The Missionaries of the Sacred Heart (MSC) were aviation pioneers in the northern islands of the territory of New Guinea. They foresaw air transportation as the key to modern progress in the primitive South Pacific islands and as a necessity for health emergencies.
March 1, 1972
Father Marc Tillia, also known as the Flying Priest, is pastor of a parish of 1,500 square miles in a remote area in Brazil consisting of 32 small, poor villages with no paved roads. He needs to replace his 1941 Interstate Cadet and secures much needed funding from Wings of Hope to purchase a Cessna 182 (N7358Q).
"You may find this a wee bit difficult to accept, but down here I'm considered an extremely conservative driver. However, the jeep station wagon we recently acquired has managed to cut up 2 tires in less than 5,000 miles. The roads are so rough and rocky that this is considered a good average."
Marc Tillia
December 1973
Capt. William Hyde Barry (V.P. of APA) and Capt. Vernon Brown (chairman of the APA committee) presented Wings of Hope with a new Cessna 180 Skywagon on behalf of the Allied Pilots Association, a union that represents pilots for American Airlines. The plane would be later transported to Guatemala by Sink Manning and Stan Eshmann to replace a disabled aircraft operating in Santa Cruz Quiche.
“This plane will be the sole means of getting medical care and treatment to 18,000 persons in 10 widely scattered jungle villages.”
Sink Manning
February 4, 1976
Guatemala was severely damaged by an earthquake that struck at 3 o’clock in the morning. Guy Gervais along with his wife and children endured the quake as their house took on damage. For the next several days, Wings of Hope pilots engaged in continuous emergency flights.
Upon official request, Gervais concentrated his efforts on Joyabaj, a city of about 14,000 – where they estimated that 3,500 people perished. WoH pilots, on successive trips, carried potable water, food and supplies from CARE and Catholic Relief Services. Also mobilized members of the Peace Corps, doctors, nurses, engineers and various government officials.
"Guy decided that we could best be of help by flying some of the injured out to the nearby hospital in Quiche undamaged by the quake. The remainder of the afternoon was spent hauling people with head injuries, broken limbs, crushed hands and feet from Joyabaj to Quiche."
Pierre Swick, American Airlines pilot and WoH volunteer pilot
"We over-flew several mountain towns and the larger pueblo of San Martin where we found a place to cut trees and make an airstrip out of an existing stretch of more or less straight road."
Mike Sullivan
September 1978
Construction machinery executive, Kent Furlow, joins WoH pilot Roy Johnsen in Honduras.
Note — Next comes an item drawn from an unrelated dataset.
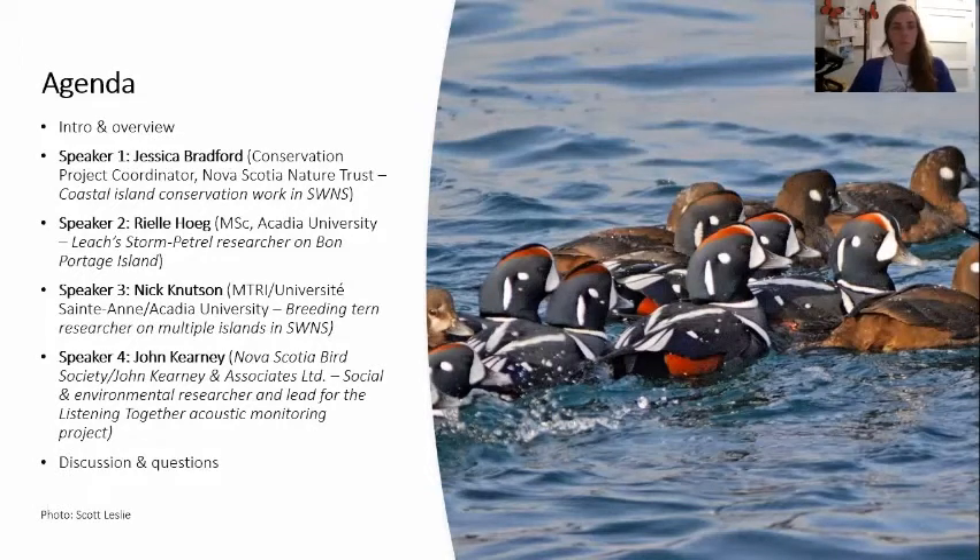Then we're going to hear from Riel Hoig, who is a master's student at Acadia University, focusing on Leach's storm petrel research on Bon Portage Island. Then we'll hear from Nick Knutson, who works with MTRI, talking about his master's research on breeding tern populations on islands in southwest Nova Scotia. And finally, we'll hear from John Kearney, who's going to look at migratory birds and how important coastal islands are for migratory songbirds. We'll be saving all questions for the end, so please use the Q&A feature at the bottom of your screen.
His assignment is to capture a photographic record and keep a daily diary of the work done in Honduras. Typically, pilots are not natural photographers, so Kent accompanied Roy and vividly portrayed what it is like to unselfishly serve humanity.
Roy Johnsen was a Navy pilot who had flown just about everything, from helicopters to jet fighters off aircraft carriers. Roy took a full year’s leave of absence from his work as a crash investigator for the Federal Aviation Administration to serve as a pilot for Wings of Hope in Honduras.